La tragédie ne relève pas d’un simple exposé objectif des faits. Il y a souvent quelque chose d’autre, quelque chose qui a partie liée avec l’émotion. Il peut s’agir d’un rythme, d’une vibration, d’une « petite musique » propre à chaque auteur. Chez Ghenie, ce sont les matières et la picturalité qui apportent cette scansion. Ses œuvres présentent en effet une richesse de matière tout à fait fascinante. Il travaille par couches successives qui rehaussent la texture finale, maltraitant les surfaces pour provoquer d’heureux hasards. Il projette, il efface, il arrache, il applique des pochoirs, il gratte, préférant manier des sortes de spatules (ou couteaux) qui posent et étirent la peinture, plutôt que le pinceau. En raclant des noix de matière dans plusieurs tas de couleurs, qu’il écrase sur ses toiles, il produit des effets berlingots caractéristiques de sa manière. Au total, si l’on faisait un gros plan sur une partie de l’une de ses œuvres, on serait en pleine abstraction. C’est ce qui donne à ses travaux tout leur lyrisme. Dans un contexte où l’abstraction a beaucoup décliné, voire presque disparu, le fait mérite d’être souligné. Chez Ghenie, l’abstraction sert la figuration, elle en devient une composante.
Cette espèce d’hommage à l’art abstrait n’éclipse cependant pas l’essentiel, des citations très véridiques. Ghenie pratique une figuration très réaliste, presque photographique. Quand il représente des objets ou des personnages, c’est toujours pour nous faire sentir la saveur spécifique de leurs formes. Par exemple, lorsqu’il peint Hitler de dos regardant Eva Braun allongée, il pourrait se contenter de nous permettre d’identifier les protagonistes. Néanmoins, ce n’est pas l’idée du dictateur qui l’intéresse, mais sa présence, je dirais presque son odeur. C’est pourquoi Ghenie nous montre la texture de sa vareuse, les plis de son pantalon, les veines du bois dans le parquet, autant de détails choisis pour nous faire accéder à une perception sensible. Il nous permet, en quelque sorte, d’être là. Il cherche ce qu’il y a de significatif dans les formes, attentif à l’incroyable diversité des apparences qui composent le monde.

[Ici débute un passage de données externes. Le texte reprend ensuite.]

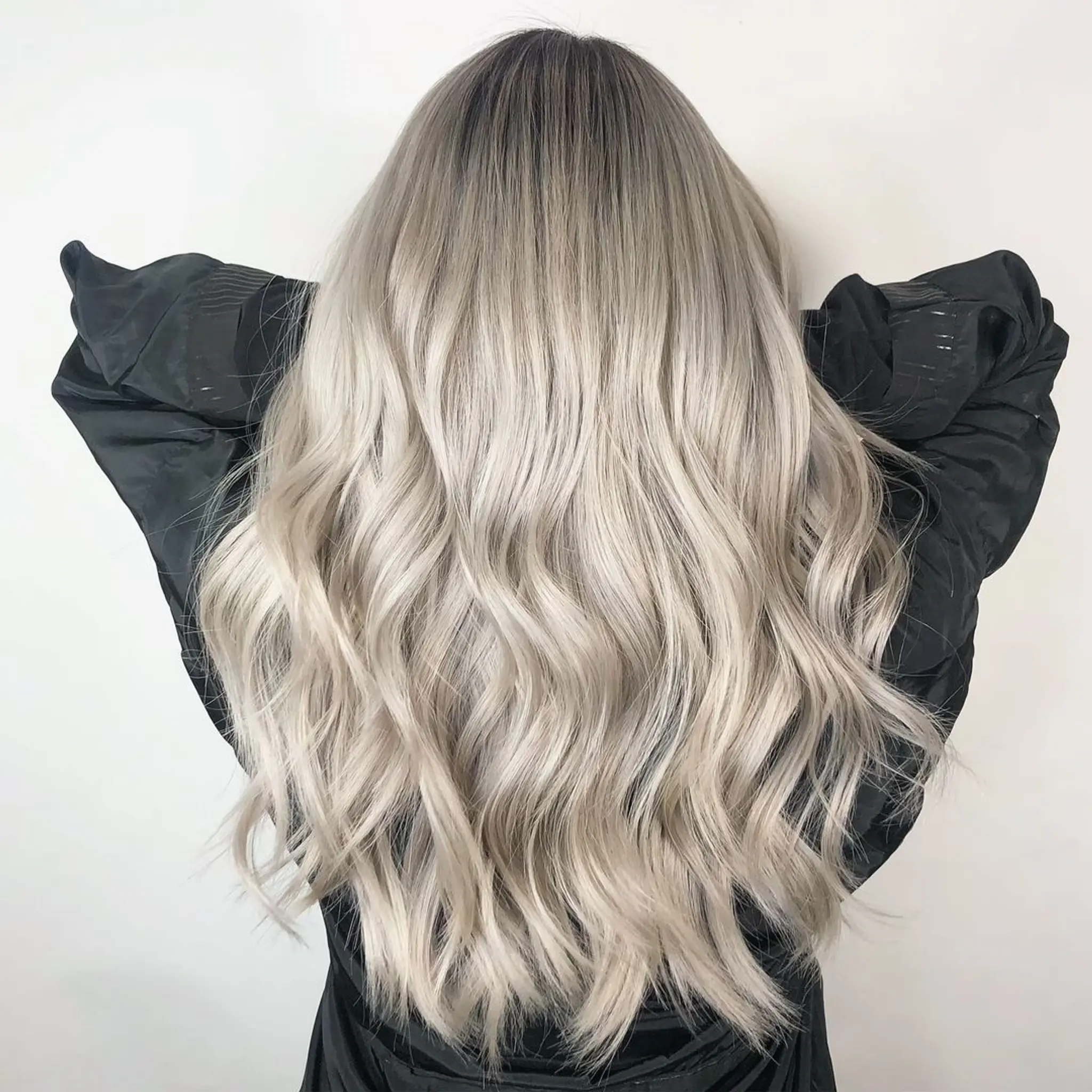 Long, wavy locks with a blend of platinum and silver shades, featuring a natural volume and soft texture.
Stylist - @xcellent_jason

Nombre de peintures de Ghenie paraissent donc très remarquables. Un bémol doit cependant être apporté à l’enthousiasme. En effet, parallèlement à l’exposition de Venise, hélas proche de sa fin, la galerie Thaddaeus Ropac présente à Paris une sélection de ses toiles. Ce pourrait être pour le public français l’occasion de découvrir cet artiste. Malheureusement, les œuvres exposées sont en deçà de celles qui ont fait sa notoriété. La dimension tragique y cède le pas à un colorisme facile où l’effet berlingot envahit toute la surface. S’agit-il d’un fond de cuvée livré à la galerie parisienne par un peintre débordé par son succès ? Faut-il y voir une évolution heureuse et assumée, comme l’affirment les représentants de la galerie ? Il est vraisemblablement trop tôt pour le dire. La trajectoire d’un artiste peut réserver bien des imprévus. Il convient d’être patient. Adrian Ghenie fait indiscutablement partie des artistes dont on peut attendre beaucoup.[/access]
Jusqu’au 22 novembre 2015, Biennale de Venise.